北海道・札幌では、戦後間もなく1950年代から60年、70年に及ぶ活動を続けてきた方々が今もお元気です。また民間による演劇振興を積み重ねてきた私たち戦後生まれ世代も、高齢者とはいえ、未だチャレンジを続け、場数を踏んだ分だけついあれこれ語ってしまいがちです。そんな中、未来を担う20代、30代の人たちが、独自に芸術文化について考え、これからの北海道にどんな文化支援が必要か、考える材料、実践する機会を提供する場として「シアターカウンシルP」が準備されたのだろうと思います。
おかわり企画と称する自由討論の場で、若者たちはどんな会話をしているのでしょう。
「新しい葡萄酒は新しい革袋に盛れ」清新な動きが立ち上がることを心から期待します。
プロジェクトが開催した上映会、シンポジウムに参加して、私自身、長い間答えが出ないまま抱えてきた課題のいくつかに、そうだったのかという回答や、自分なりの考えのようなものが見えてきました。
「アートなんかいらない!」この映画で取り上げられた膨大な事例の多くが、大規模プロジェクトで取り組まれ、広く報道され、国際的に評価され、大きなお金が動き、物議をかもした、といったものが多かったように思います。そんななかで私が興味をひかれたのは、ホピ族のカチーナ人形、秋田のなまはげ、盆栽、恐山、またラブドールなどでした。
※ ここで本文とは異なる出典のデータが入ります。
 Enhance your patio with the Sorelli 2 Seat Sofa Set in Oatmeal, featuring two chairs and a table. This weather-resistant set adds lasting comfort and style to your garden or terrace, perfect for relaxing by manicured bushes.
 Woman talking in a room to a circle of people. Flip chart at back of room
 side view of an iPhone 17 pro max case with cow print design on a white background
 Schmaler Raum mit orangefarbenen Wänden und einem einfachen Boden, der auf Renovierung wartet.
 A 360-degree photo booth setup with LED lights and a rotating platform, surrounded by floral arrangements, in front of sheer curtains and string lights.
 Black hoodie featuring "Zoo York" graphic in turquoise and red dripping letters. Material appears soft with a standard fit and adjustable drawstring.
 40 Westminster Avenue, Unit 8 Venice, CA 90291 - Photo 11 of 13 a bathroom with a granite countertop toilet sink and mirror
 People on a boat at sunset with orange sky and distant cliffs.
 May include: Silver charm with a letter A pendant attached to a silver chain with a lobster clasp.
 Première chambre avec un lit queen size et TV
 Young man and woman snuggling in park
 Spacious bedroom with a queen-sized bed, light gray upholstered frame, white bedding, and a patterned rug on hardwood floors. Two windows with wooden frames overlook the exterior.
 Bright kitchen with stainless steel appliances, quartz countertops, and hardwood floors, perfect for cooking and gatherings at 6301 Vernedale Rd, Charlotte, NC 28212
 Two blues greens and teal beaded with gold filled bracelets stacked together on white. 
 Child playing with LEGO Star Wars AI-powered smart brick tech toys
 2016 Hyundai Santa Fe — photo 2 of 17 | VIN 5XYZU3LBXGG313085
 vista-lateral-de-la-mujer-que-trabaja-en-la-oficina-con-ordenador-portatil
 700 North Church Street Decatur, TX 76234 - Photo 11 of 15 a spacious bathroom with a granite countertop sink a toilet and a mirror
お借りした映画のパンフレットに見つけた言葉によれば「アートとアートでないものの境界線上にあるもの」ということになります。
縄文に魅せられ「アート不感症」になった山岡監督が、「世間で言うアートと、自分が考えるアートは違うのかもしれない」という違和感から取り組んだこの作品は、あまりにも目配りが広く、問いかけが多様で、何を受け取るかは人それぞれとしか言えないのですが、
私は二つのことを考えました。まず「アート」という言葉の背景について。また、私がアートの意味について最近考えることを、以下に書いてみたいと思います。
「アート」という言葉についてですが、大学1年の春、指定図書として購入した数冊の中に、エーリッヒ・フロムの「愛するということ」がありました。原題は「The Art of Loving」。この「Art」は「芸術」ではなく「技術」の意です。「Art」という言葉がこのように使われることの意外性が長く心に残りました。
また新渡戸稲造が初代学長を務めたこの学校では、欧米の伝統にならって「リベラルアーツ」を重要な柱としていました。日本では教養科目と訳され、専門性や実益を欠くような印象で軽んじられる傾向がありますが、西欧におけるリベラルアーツは、古代ギリシャ由来の、文系理系を問わず人間の知性の根幹をなす概念です。ここでは哲学も、論理学も、音楽も、数学も、天文学も、アートです。聞きかじりの知識によれば、ルネッサンス期には、ArtはNatureに対置されるものとされ、また近代以降はfine artの意味がartの主たる意味となるなどアートの概念は変遷します。
Artとは何か、何がArtか、という問いは、それだけで「美学」や「芸術学」といった巨大な学問になるほど、一筋縄ではいかない問題で、英語圏の人がArtと言うとき、多かれ少なかれ、これらのことが言葉の背景にあり、前提となっているはずです。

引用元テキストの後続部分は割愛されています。